Saturday, July 7, 2012

Keeping the right perspective on fundraising

The news from Mitt Romney's campaign is that the candidate and the RNC were able to raise about $100 million in June.  That's a hefty sum although still well off the all-time mark of $150 million set by the Obama campaign in 2008.

However, the election is not likely to be won by money alone.  The most important factor concerning money is that the campaign have enough money to get its message out.  So long is the Obama folks keep some money in their treasure chest for the last few weeks of the election, they should be fine.

At a certain point, money does not make so much a difference as the issues.  If the candidate has enough money to get the message out, they will compete with their opponent on the issues.  It doesn't matter how much the opponent spends repeating their message.

Money makes much more of a difference in races where the opponent cannot get the message out sufficiently.  Generally, this means hitting each targeted voter at least three of four times with key points that differentiate the candidate from all of the others in the race.

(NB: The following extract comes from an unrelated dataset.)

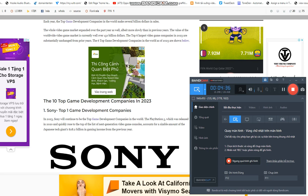Additionally, Tencent owns shares in a number of other video game businesses, including the French video game company Ubisoft (5%), the South Korean Krafton Game Union, and the American video game behemoths Activision Blizzard and Epic Games.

The one thing that the campaign does not want to do is panic, since that will spread through the ranks.  President Obama's strength is in people and many of these people are barely making ends meet during these tough economic times.  So they have to be careful in not scaring people away from getting more involved by overly soliciting for donations.

They need to exude confidence and leverage the advantages that they have and that means getting more people involved.